- Pictures with short captions -
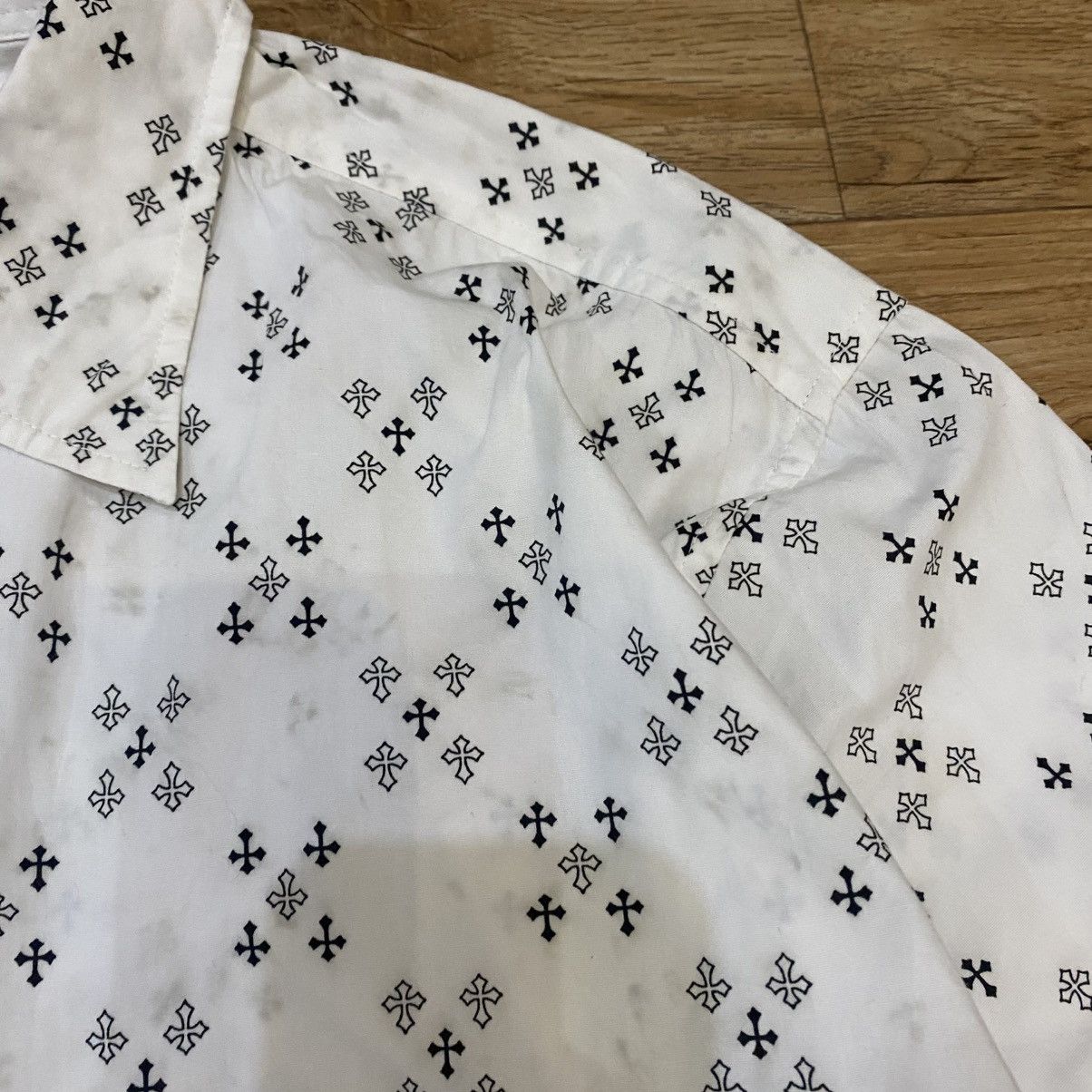 Tornado Mart 2000s Scommessa - White Gothic Style Cross Shirt Button Up Size US XL / EU 56 / 4 - 7 Thumbnail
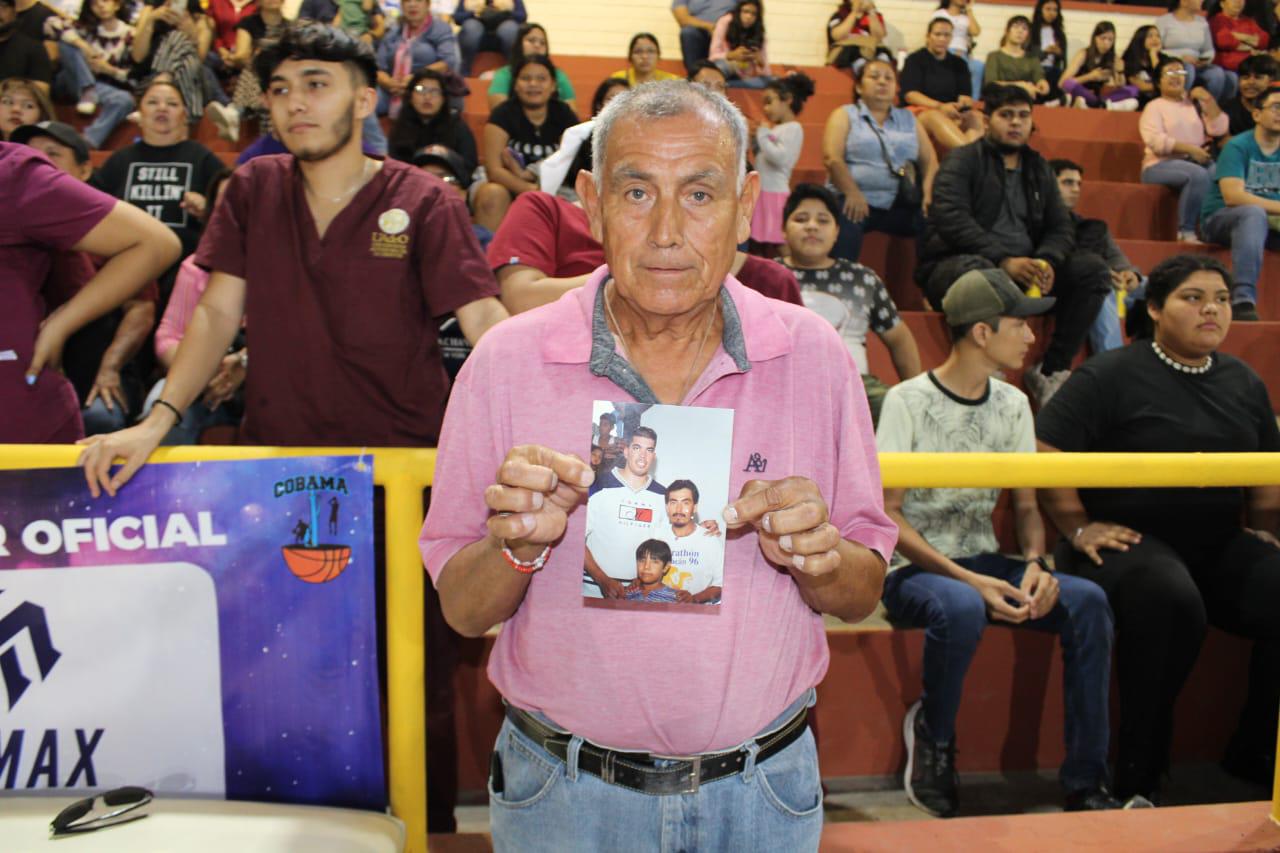 $!‘Manolo’, el fan número uno de Horacio Llamas en Rosario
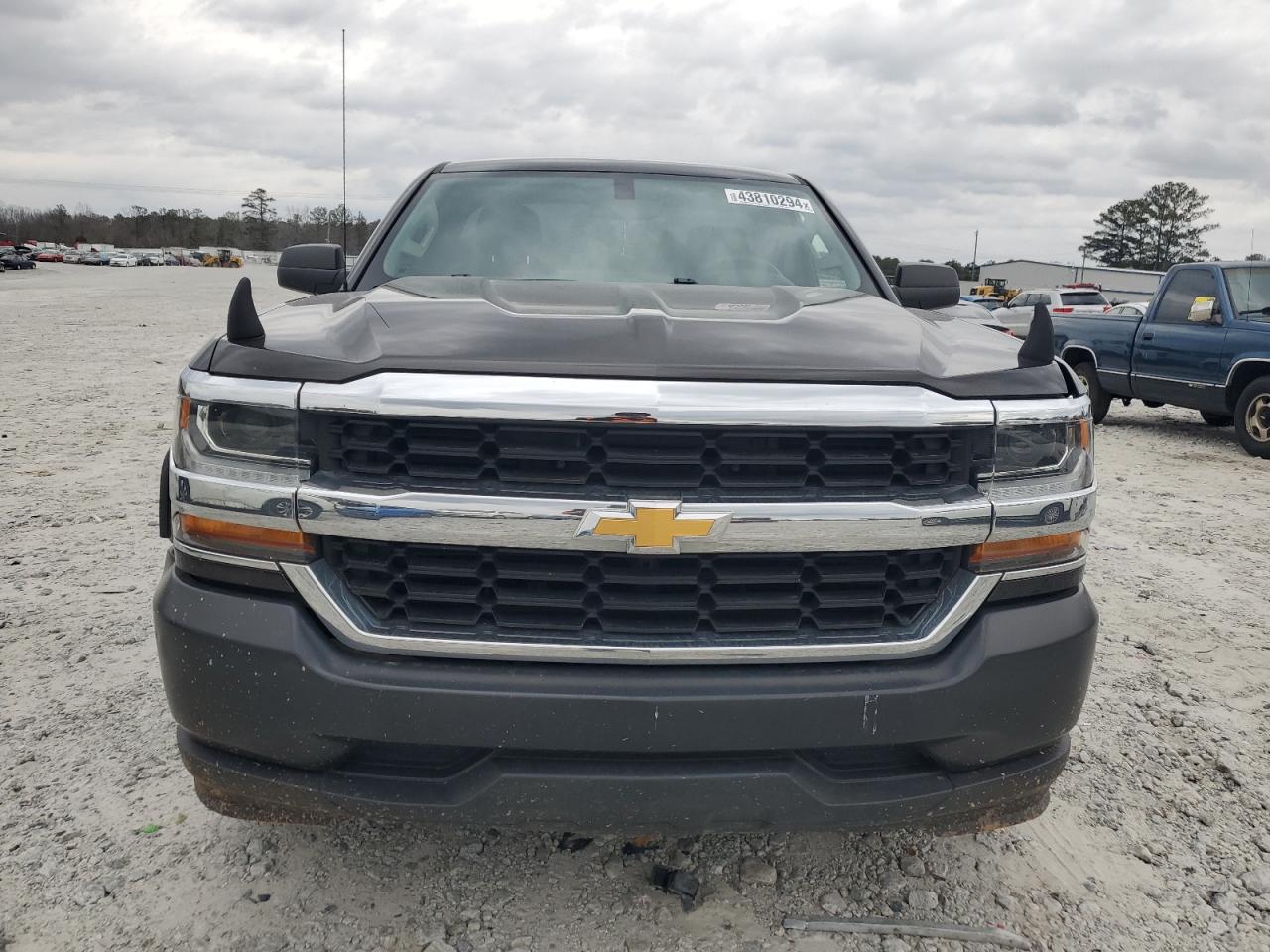 Photo 4 VIN: 1GCNCNEH6JZ304438 - CHEVROLET SILVERADO 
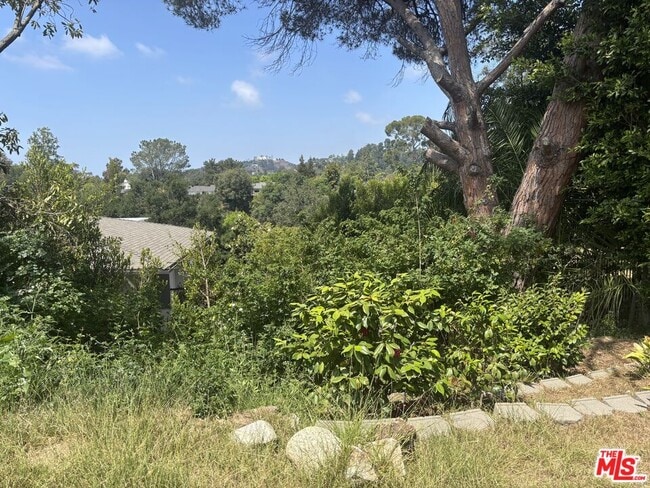 Building Photo - 645 Walther Way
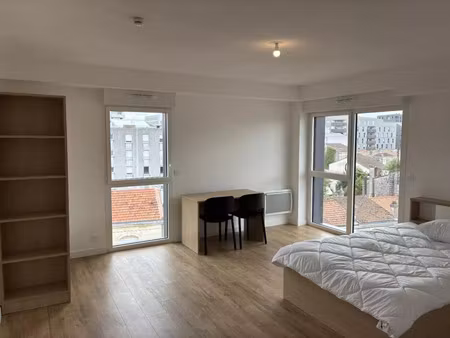 location appartement 1 pièce 21 m² à bordeaux (33300)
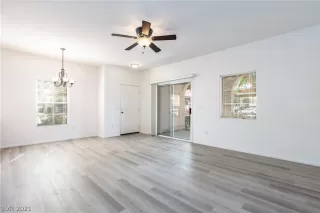 Photo #6: 2325584 Listing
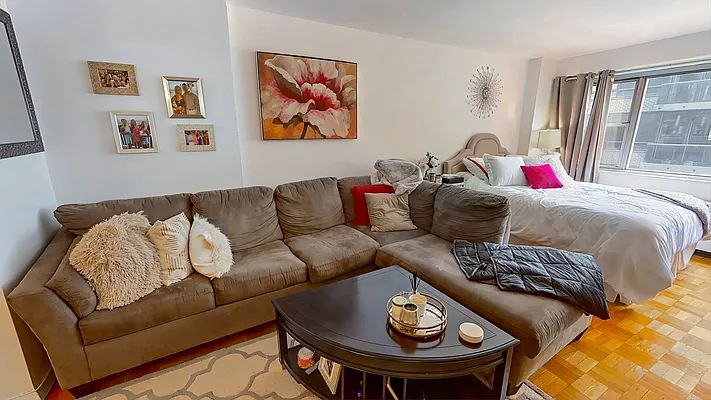 Rented by Corcoran | media 5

- Task goal -
Output, exactly and without pictures, the span of lines that starts at the line containing "Photo #6: 2325584 Listing" and ends at the last line above.

- Exercise result -
 Photo #6: 2325584 Listing
 Rented by Corcoran | media 5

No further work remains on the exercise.